:: Dataset excerpt ::

=======

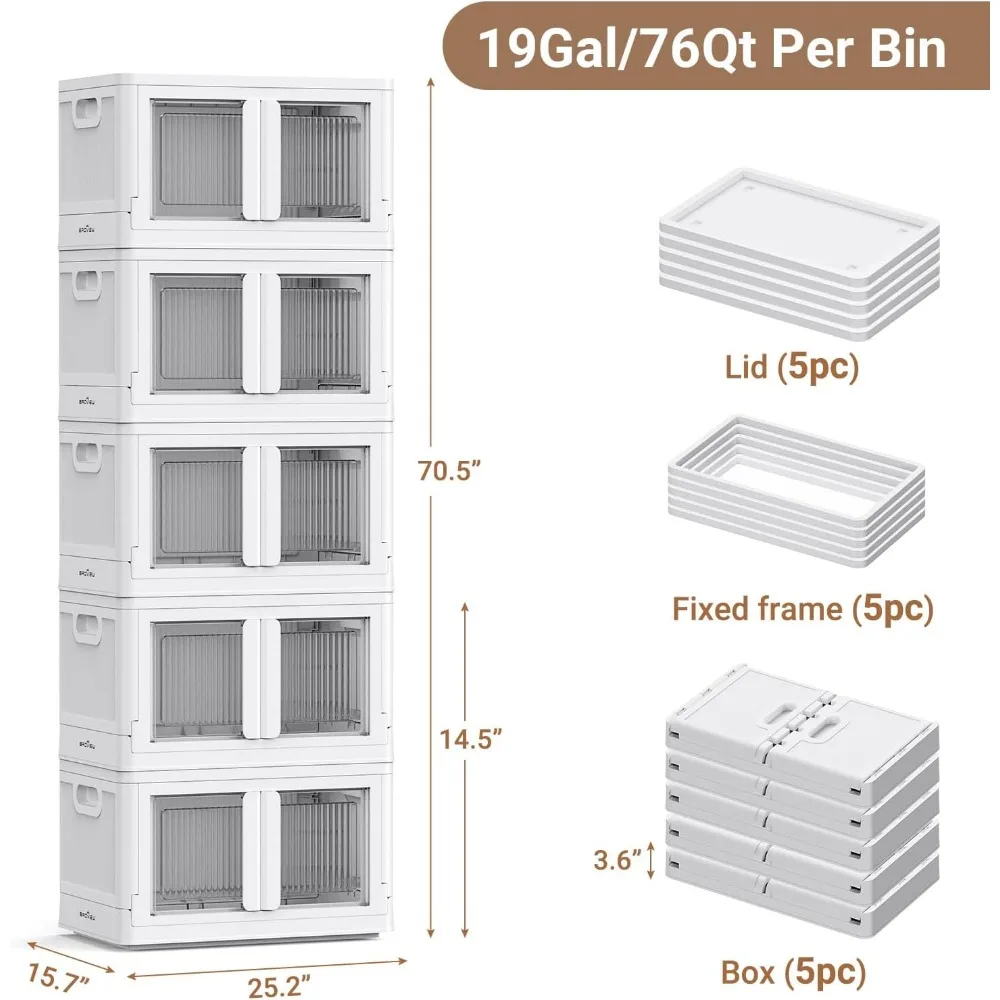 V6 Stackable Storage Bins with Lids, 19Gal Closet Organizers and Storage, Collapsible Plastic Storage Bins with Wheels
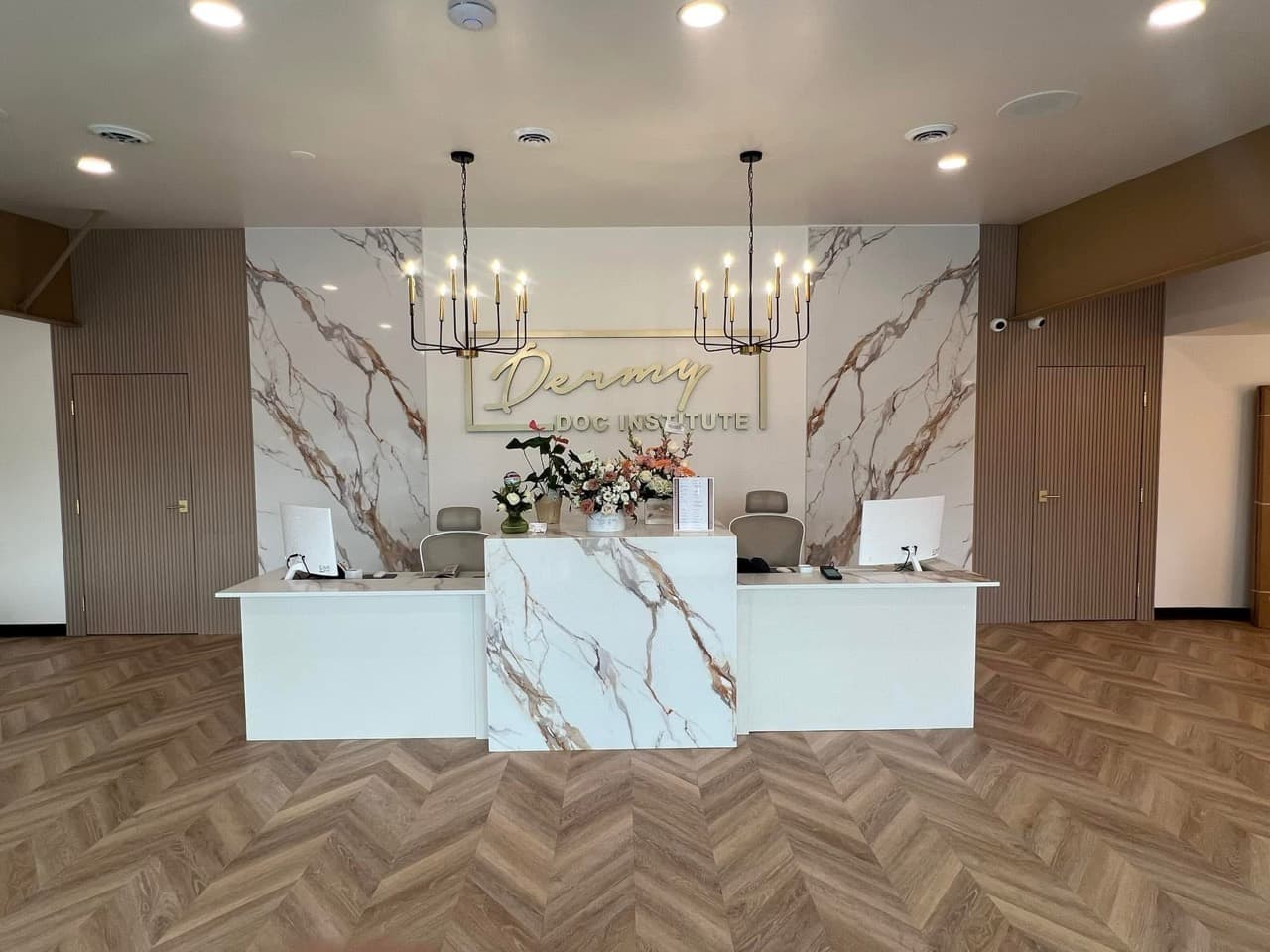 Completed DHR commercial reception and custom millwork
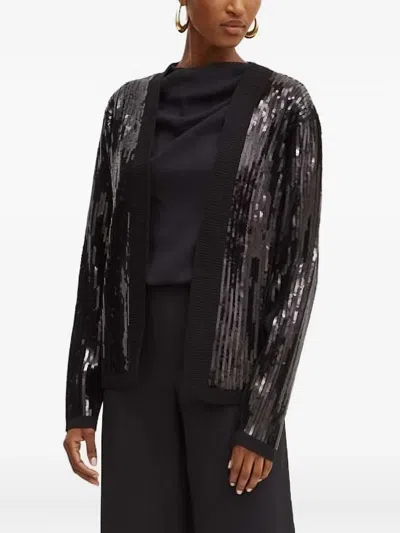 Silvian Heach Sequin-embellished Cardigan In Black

=======

Every line above must appear in the answer unchanged, and no picture may appear in it.

:: Result ::
 V6 Stackable Storage Bins with Lids, 19Gal Closet Organizers and Storage, Collapsible Plastic Storage Bins with Wheels
 Completed DHR commercial reception and custom millwork
 Silvian Heach Sequin-embellished Cardigan In Black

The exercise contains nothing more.